# Ramps (Wild Leeks)



## Rocklobster (May 18, 2014)

Found these at a farmers market yesterday. They grow in the spring in hardwood forests. I ate a few this morning in an omlette and they were very nice....


----------



## taxlady (May 18, 2014)

I wonder if they grow wild here in Quebec.


----------



## Dawgluver (May 18, 2014)

I remember reading the old Grimm fairy tales as a child, and there was occasional mention of ramps.  I didn't know what they were.

They look like a great sub for green onions.  Wonder if they grow around here.


----------



## CWS4322 (May 18, 2014)

They grow wild around here. I don't know what they look like except prepared. There is a place nearby that sells them "by the bunch" with the roots still on...keep meaning to go get some. The season is mid-April through May. They must grow wild in Quebec, TL.


----------



## PrincessFiona60 (May 18, 2014)

I get ramps from Oregon Mushrooms LLC  They keep them frozen in the off season and they are just as good.


----------



## CatPat (May 18, 2014)

These are very strong!

Waynesville Ramp Festival - Waynesville, NC

They have a ramp festival in Waynesville, NC.

With love,
~Cat


----------



## Rocklobster (May 19, 2014)

CWS4322 said:


> They grow wild around here. I don't know what they look like except prepared. There is a place nearby that sells them "by the bunch" with the roots still on...keep meaning to go get some. The season is mid-April through May. They must grow wild in Quebec, TL.



I got mine up in Barry's Bay. As I said, on the North side of hardwood forests, is what the guy told me. All along I thought they grew in the spring in areas with fast moving run off, like ditches and creek banks, etc...


----------



## Rocklobster (May 19, 2014)

Dawgluver said:


> They look like a great sub for green onions.  Wonder if they grow around here.



Got any hardwood forests??


----------



## Aunt Bea (May 19, 2014)

I have never seen them pickled!

We used then fresh in scrambled eggs.

I don't remember having them any other way.  

Maybe a new north woods martini featuring the pickled ones!


----------



## CraigC (May 19, 2014)

Isn't there a tradition in Spain where they roast ramps on open fires and serve them with Romesco sauce, or is that some other onion?


----------



## Dawgluver (May 19, 2014)

Rocklobster said:


> Got any hardwood forests??




Actually, we do, on 3 sides of the yard!


----------



## Kayelle (May 19, 2014)

I'm envious of those of you living around hardwood forests.
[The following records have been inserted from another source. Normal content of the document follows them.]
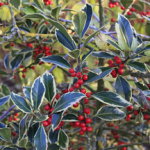 Ilex aquifolium ~ 'Handsworth New Silver'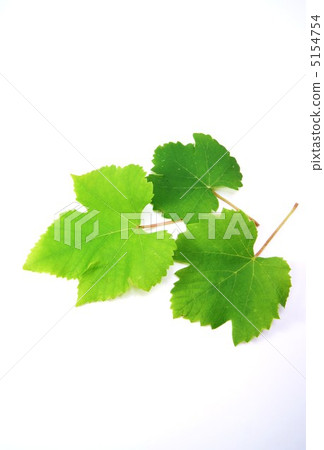 葡萄葉（特拉華州）向左留下3片葉子·垂直位置 5154754
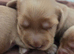 RKC SHOW COCKER SPANIEL PUPPIES EXTENSIVELY HEALTH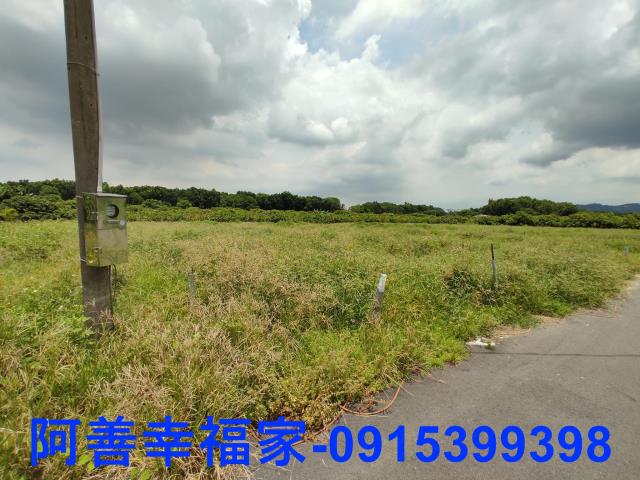 玉井農地-3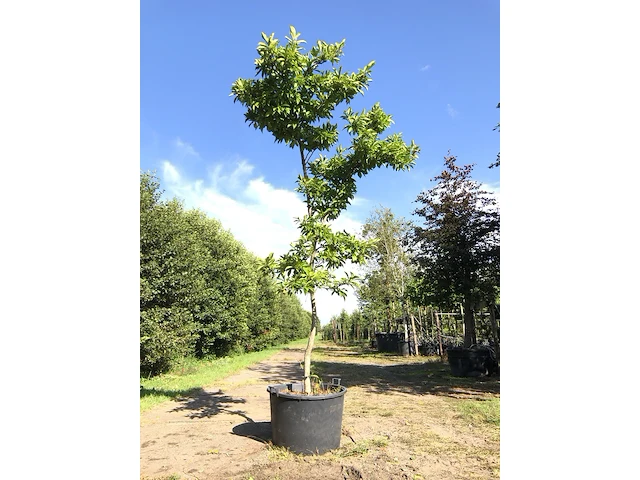 Magnolia magnolia 'betty', solitair, roze bloei, ca. 3 m hoog - afbeelding 1 van  2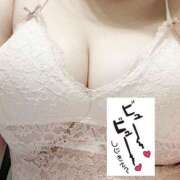 ヒメ日記 2024/12/10 15:16 投稿 りあん先生 渋谷   大人の幼稚園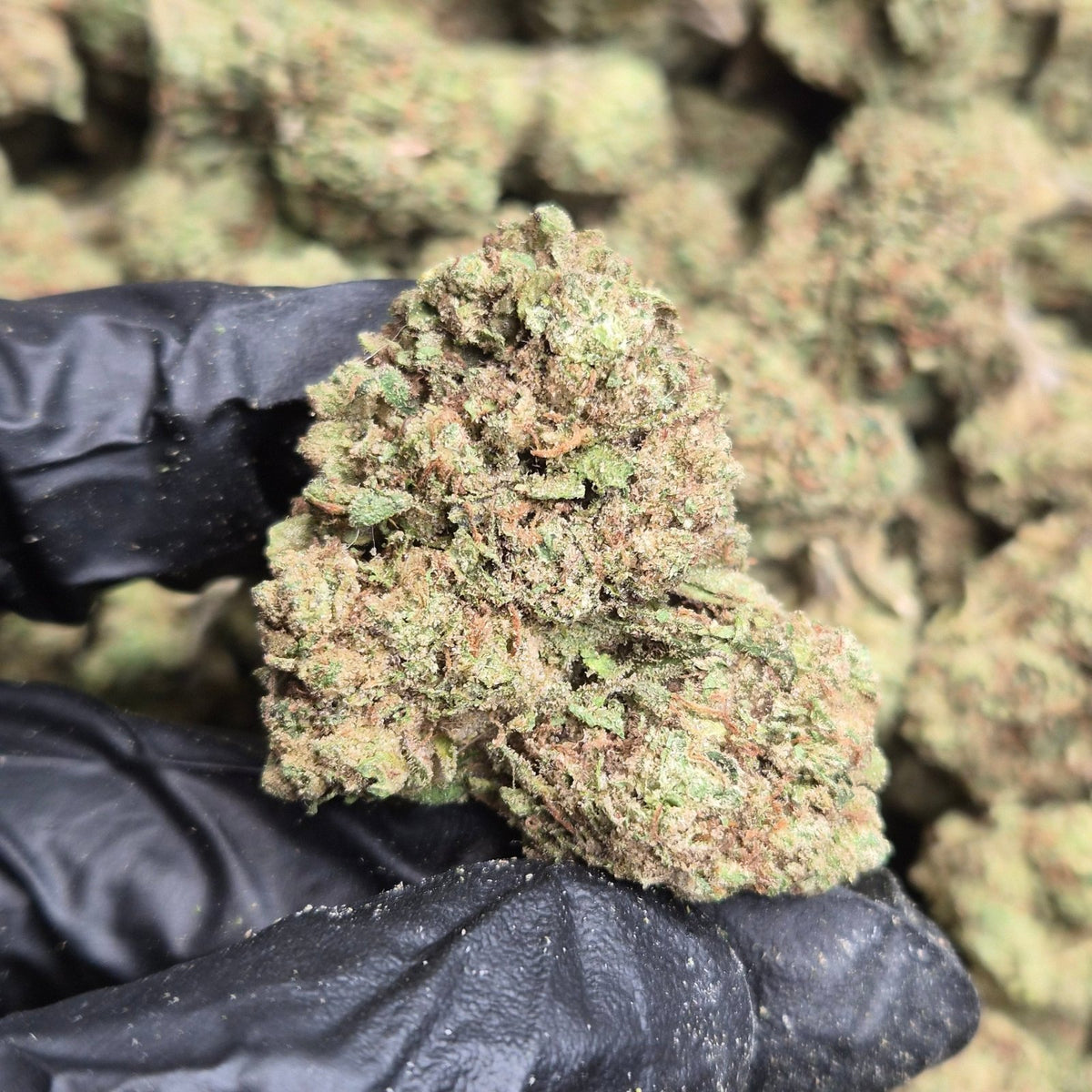 Gelato 33 THCA Flower – Indoor Top Shelf Hybrid | CaliGreenGold - CaliGreenGold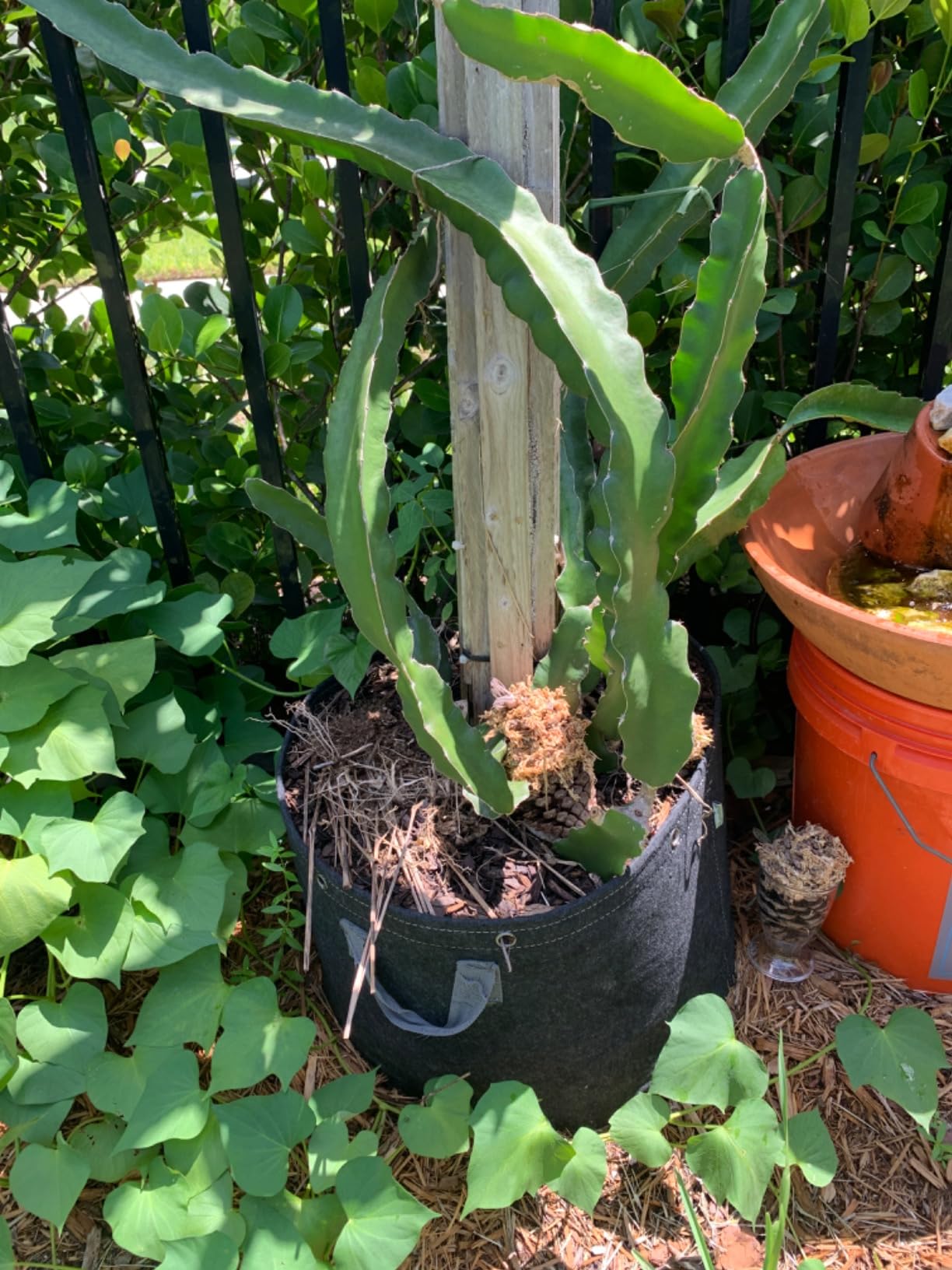 AC Infinity Heavy Duty Fabric Pots, 5 Gallon Aeration Reusable Grow Bags 5-Pack with 500G Thick Nonwoven Fabric and Multi-Purpose Rings, for Low Stress Plant Training Fruits, Vegetables, and Flowers - Customer Photo 2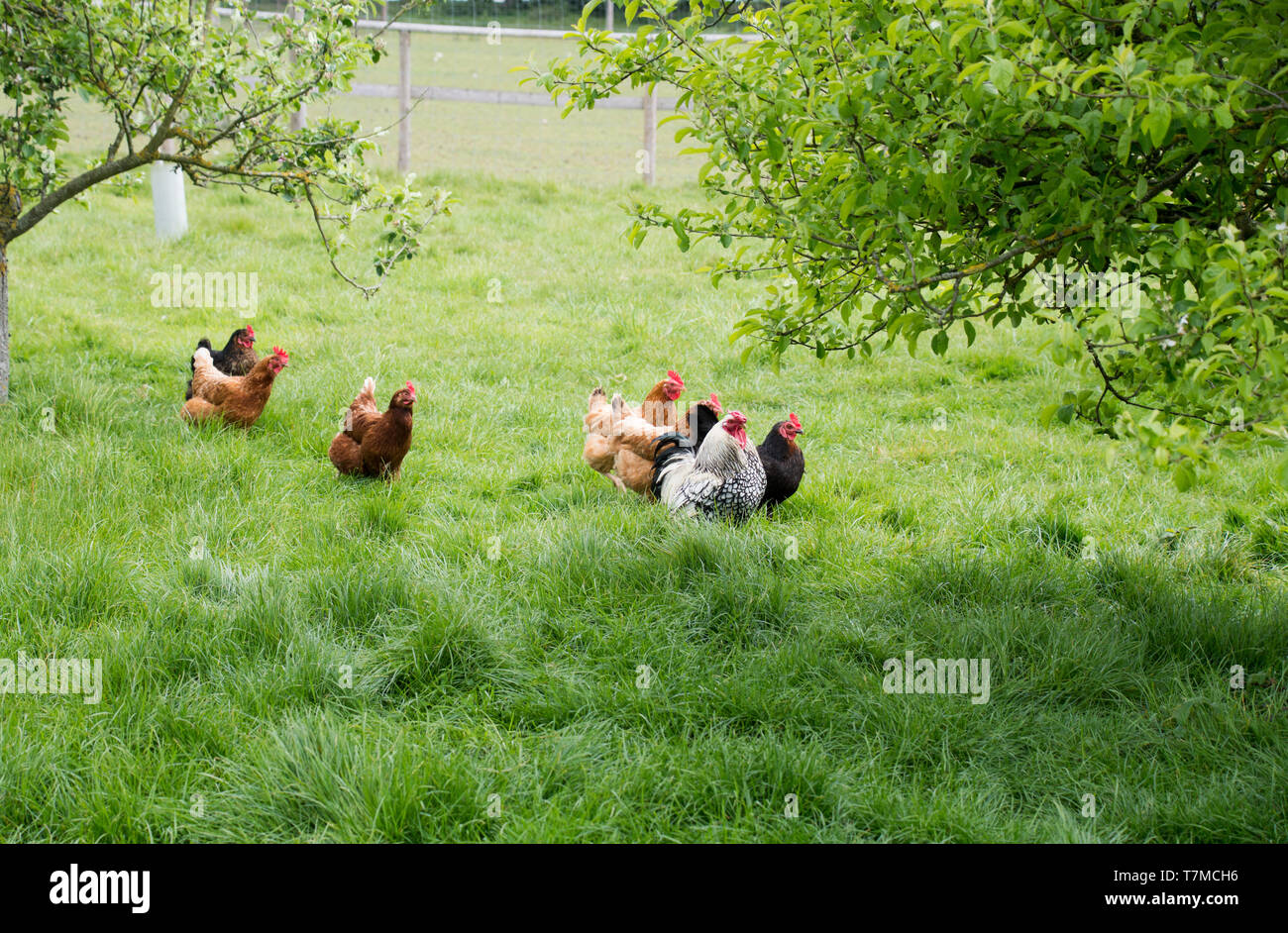 Free range pollo in fattoria Foto Stock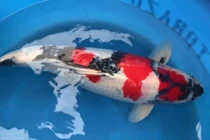 Video: Bí quyết lai tạo ra chú cá Koi có giá 1,8 tỷ USD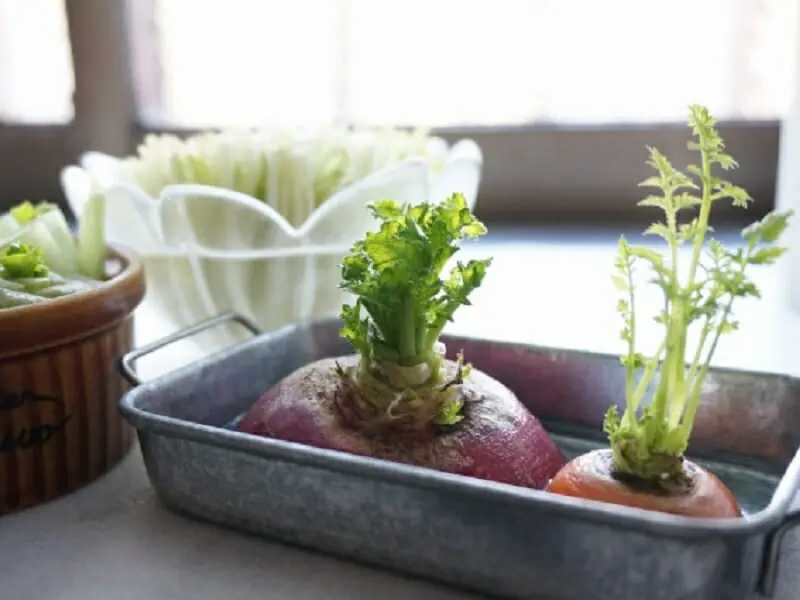 芹（せり）の水耕栽培 リボベジ・ハイドロカルチャーの育て方 | 農家web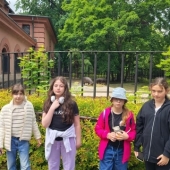 Niepubliczna Szkoła Podstawowa Niebieska 21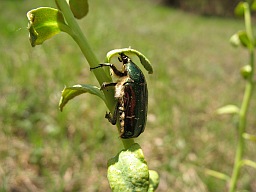 Золотистая бронзовка (Cetonia aurata)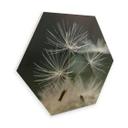 Hexagone - Placage bois de bouleau Delgado - Variété de pissenlits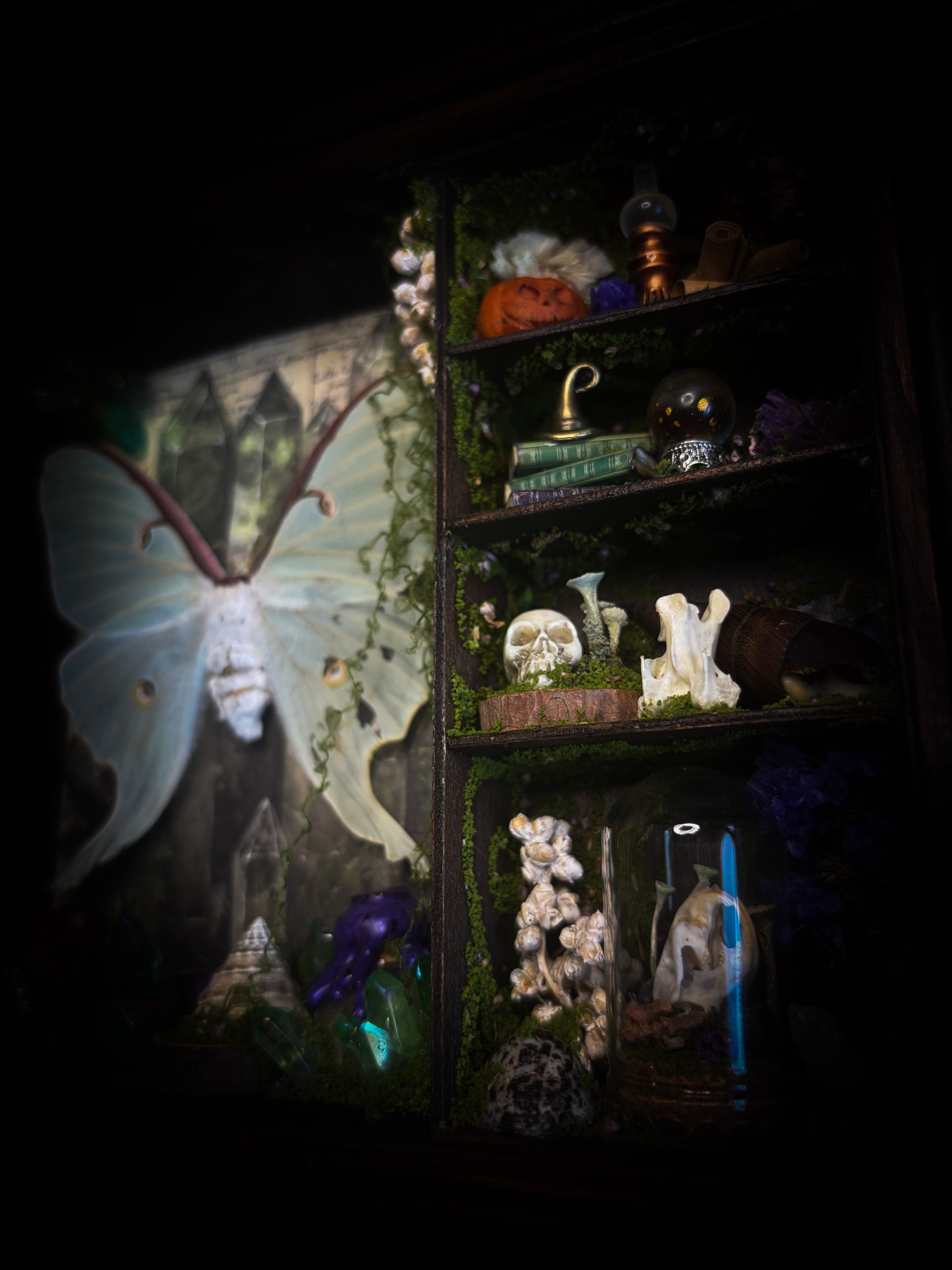 The Alchemist | handmade witchy shadowbox with Actias luna moth, green crystals, snake skin bottle, glass dome, oil lamp and curiosities, dark wood frame with brown velvet and moth corner brackets | Morbid Oddities
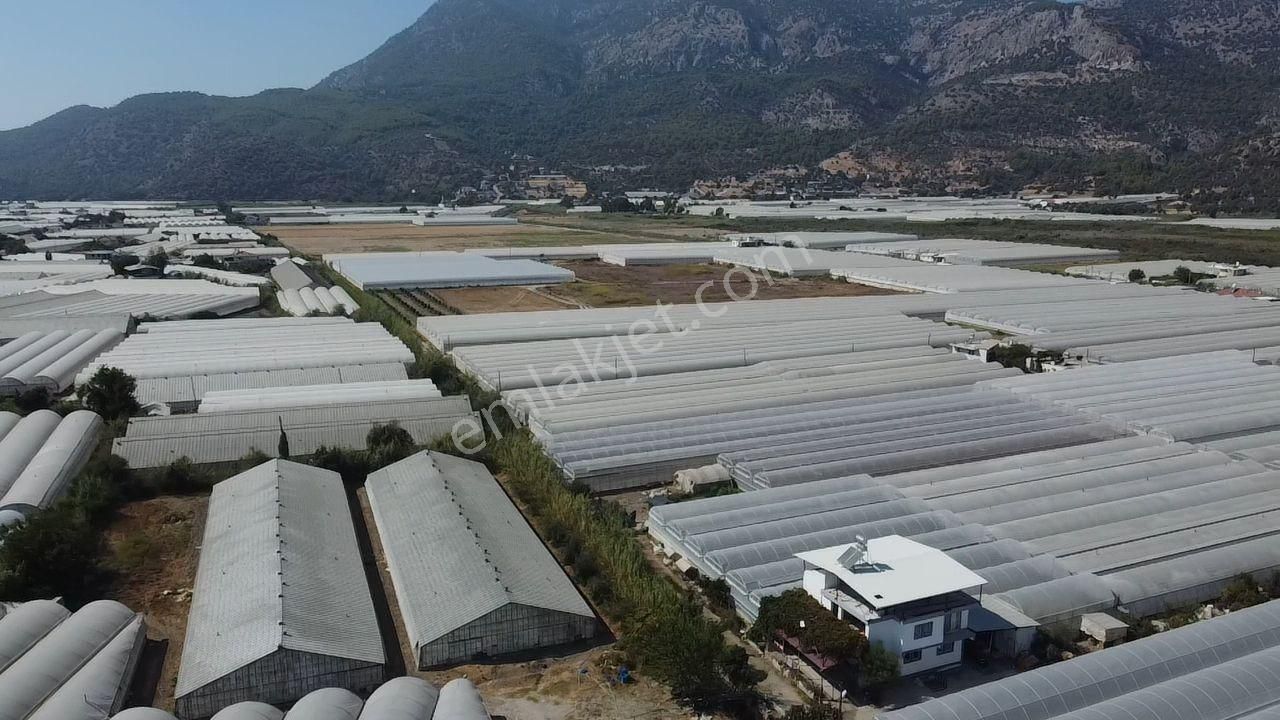 Uğur'dan Karadere Mah. Satılık 4065m2 İçerisinde 3 Dönüm Sera - Görsel 20
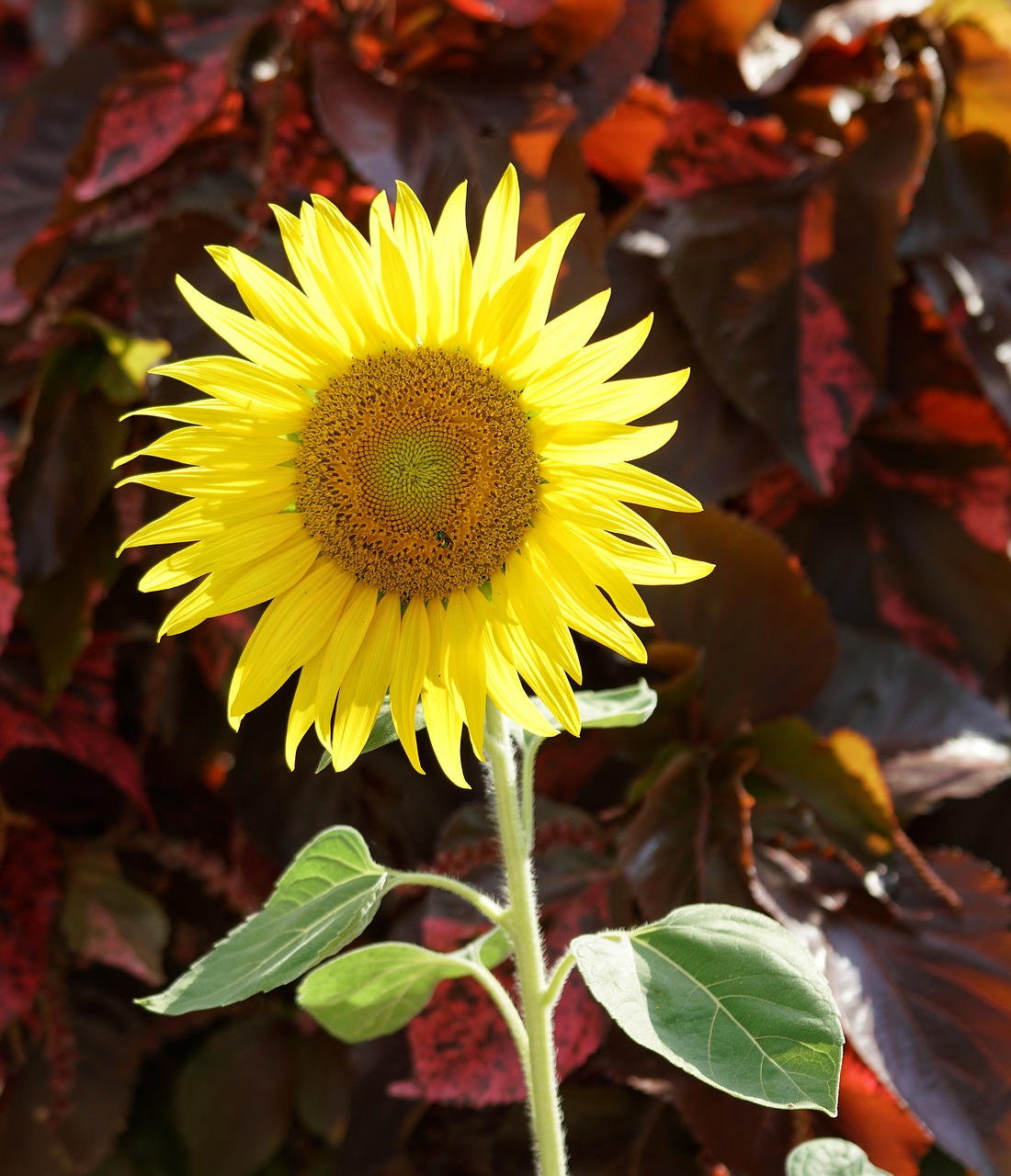 sunflower  nature  flora free photo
How beautiful it must be.
Just citrus, avocado and palm trees in my neck of the woods.


----------



## Steve Kroll (May 19, 2014)

We used to dig them up around my dad's Wisconsin cabin when he was still alive. Looks yours had been cleaned before you bought them, otherwise it can be a real challenge to get all the grit out of them (think leeks but on a much smaller scale).

My absolute favorite ramp dish is a cream soup with potatoes.

They're awesome in scrambled eggs, too. My dad's favorite thing was something he called "wild breakfast". He would make scrambled eggs with ramps and morel mushrooms he had picked, and then serve wild asparagus on the side.


----------



## Janet H (May 19, 2014)

Love, Love Love ramps.  We used to saute them whole (minus the leaves) and then brown with potatoes.  They are also seriously awesome on pizza but my favorite way to eat them was done up tempura style with a nice dipping sauce.


----------



## GotGarlic (May 19, 2014)

Kayelle said:


> I'm envious of those of you living around hardwood forests. How beautiful it must be.
> Just citrus, avocado and palm trees in my neck of the woods.



I would be pretty happy if I had citrus and avocado trees in my yard


----------